Face à l’exclusion croissante des familles à revenu modeste du secteur touristique, l’Organisation tunisienne pour informer le consommateur (OTIC) vient de tirer la sonnette d’alarme. Dans un communiqué publié en début de semaine, l’Organisation a lancé un appel pressant en faveur de l’adoption d’une législation urgente consacrant le droit des Tunisiens les plus démunis à accéder au tourisme intérieur.
Selon l’OTIC, l’accès aux loisirs et à la découverte du patrimoine national n’est pas un luxe réservé à une minorité aisée. Il s’agit, au contraire, d’un droit civil fondamental que chaque citoyen devrait pouvoir exercer.
Dans un contexte économique difficile marqué par l’érosion du pouvoir d’achat et la hausse continue des prix, l’exclusion de pans entiers de la population tunisienne du tourisme intérieur devient un problème social préoccupant.
L’Organisation rappelle que le tourisme, au-delà de sa dimension économique, joue un rôle clé dans le renforcement du sentiment d’appartenance, dans l’éducation à la citoyenneté et dans la connaissance du pays. Or, aujourd’hui, de nombreuses familles tunisiennes n’ont plus les moyens de s’offrir un séjour même court dans les régions touristiques du pays, encore moins en haute saison.
Un quota de 30% à des tarifs encadrés
Pour remédier à cette situation, l’OTIC propose la mise en place d’une initiative législative ambitieuse et contraignante. L’objectif : garantir que 30% de la capacité touristique nationale soit réservée aux Tunisiens à revenu limité, à des tarifs préférentiels, clairs et surtout, encadrés par des organismes de contrôle indépendants. L’idée est de rendre ces offres transparentes et accessibles, en évitant toute dérive commerciale ou spéculative. L’organisation souligne que ce quota ne serait pas seulement un geste de solidarité, mais une mesure de justice sociale visant à réduire les inégalités d’accès aux loisirs. Il s’agirait également d’encourager les établissements touristiques à diversifier leur clientèle et à mieux s’ancrer dans le tissu social.
Un tourisme social structuré et pérenne
Au-delà des hôtels traditionnels, l’OTIC propose de développer un véritable
« tourisme social » en Tunisie. Cela passerait par la mobilisation et la valorisation des infrastructures publiques inutilisées durant les périodes de vacances et les saisons touristiques creuses.

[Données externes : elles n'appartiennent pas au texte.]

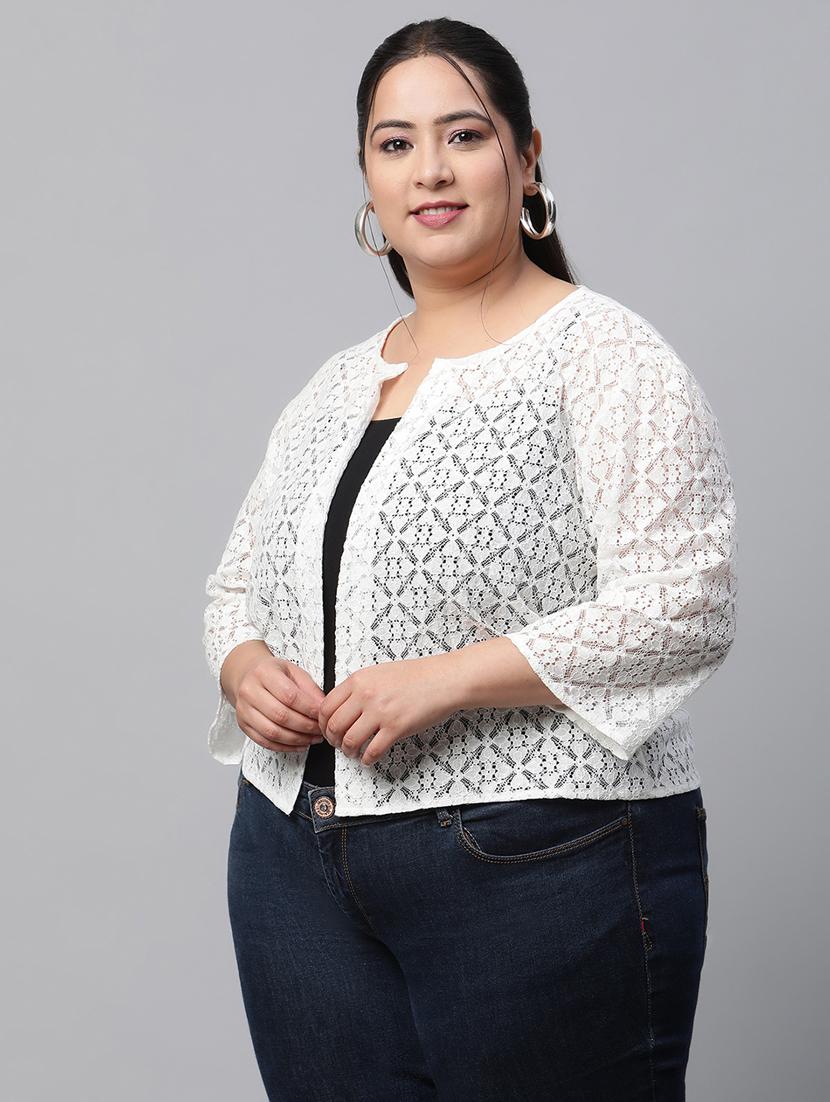women self-designed regular shrug - 21290725 - Standard Image - 2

Sont ainsi évoqués : les foyers scolaires, les restaurants universitaires, les maisons de jeunes, les centres culturels, les centres de camping et les complexes sportifs. En mettant ces espaces à disposition pour accueillir les familles, les enfants, les étudiants et les jeunes, la Tunisie pourrait développer un réseau d’hébergement alternatif, plus abordable et plus adapté aux attentes de ces publics. En parallèle, des activités éducatives, culturelles et récréatives pourraient être organisées dans ces lieux, offrant ainsi des séjours enrichissants, à la fois sur le plan personnel et collectif.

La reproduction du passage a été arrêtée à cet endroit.